CHRISTIAN REALISM: Pierre Manent and the nation as a fundamental form of Christian Covenant


[first published March 31, 2016]


by Dr. David Pence


Pierre Manent (b. 1949) is a French political scientist. He was a student of Raymond Aron and has written in defense of the nation as a political form against European collectivists. His books are often quite dense; sounding sometimes like Leo Strauss (who was also an influence). Manent's writing is becoming more clearly religious as he comes to grips not only with the Islamic threat, but the reality of Israel as a political form which preceded the Greek polis. His recent essay in First Things magazine on "Repurposing Europe: a renewal of the national project" was his clearest formulation yet.  

                               
Monsieur Manent
 
In two previous essays he has examined the historical development of the forms of public life: the city, nation, empire, and church.
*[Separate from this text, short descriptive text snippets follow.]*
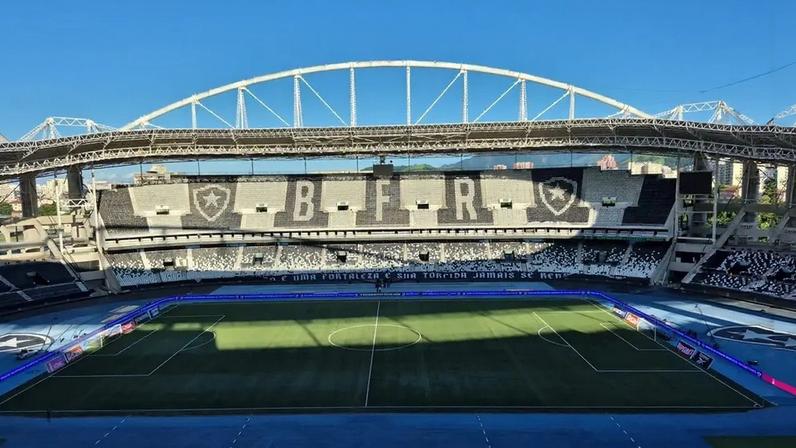 Nilton Santos antes de clássico entre Botafogo e Flamengo (Foto: Leonardo Bessa / Lance!)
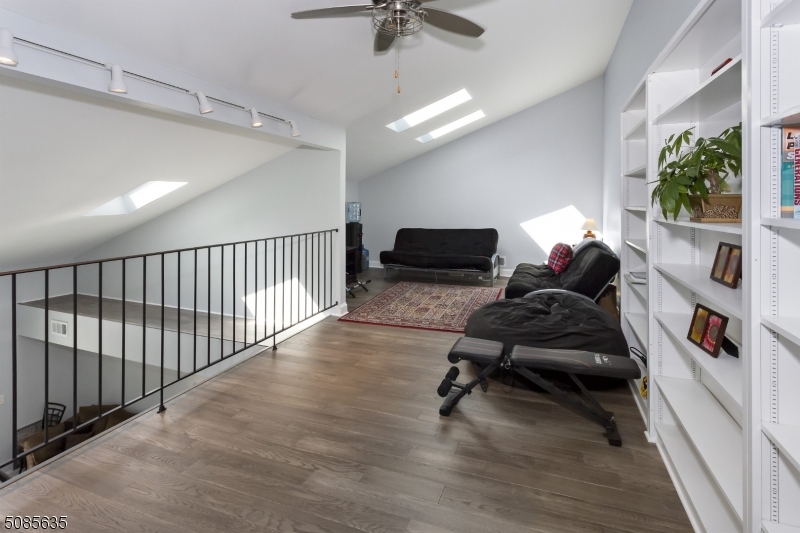 South Green I Condo - Residential Lease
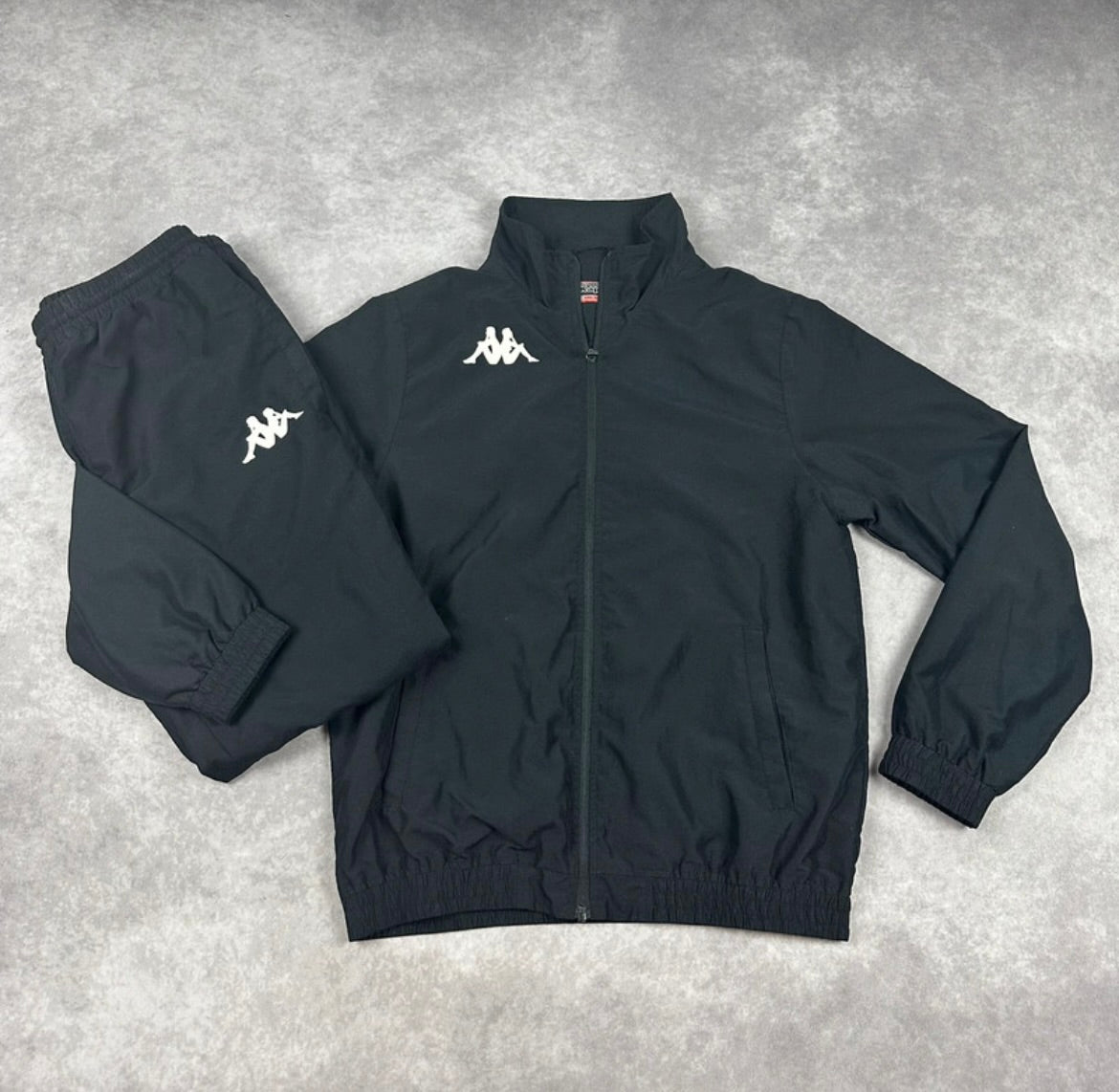 schwarzer Kappa vintage Tracksuit Trackjacke und Trackpants Set
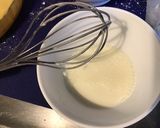 Une image de l'étape 3 de Tarte aux pêches jaunes et amandes (pâte brisée épeautre, semoule fine et lait).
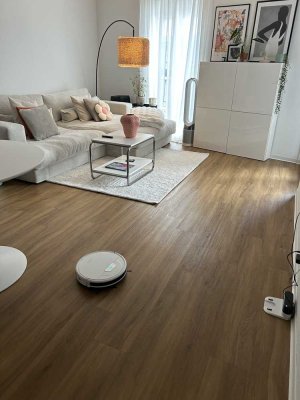 Exklusive 2-Zimmer-Wohnung mit gehobener Innenausstattung, EBK (Ablöse), Balkon in Frankfurt am Main
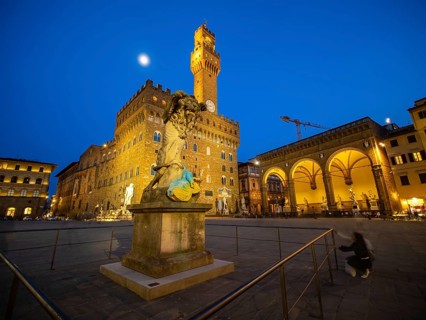 Vollmond ueber Palazzo Vecchio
What follows are multiple "interesting paragraphs" from those essays. This is not organized to be read as a integrated whole, but to assemble key paragraphs for their insights.

Excerpts from an essay on the birth of the nation as a political form in City Journal, 2013:

GERMANY AND LUTHER: AN APPEARANCE OF THE NATION

"A second political consequence of the Reformation: if the spiritual community, the Christian community, wasn’t the universal Catholic Church, it followed that it was the community as defined politically and temporally. Now, the community as defined politically and temporally was the national community. So the Lutheran Reformation was, to a large extent, a national revolution—a German revolution, for which Germans long afterward felt nostalgia. The breakdown of Catholic mediation, in other words, contributed to the reinforcement of two elements that proved decisive in the constitution of modern Europe: the sovereignty of temporal princes and the authority of the national principle."


TWO PROBLEMS FOR EVERY POLITICAL ORDER              

                 

To govern the temporal and mediate the Divine are the twin problems of governance for king and republic alike. He describes the confusion about political form in Europe after the devastation of the World Wars.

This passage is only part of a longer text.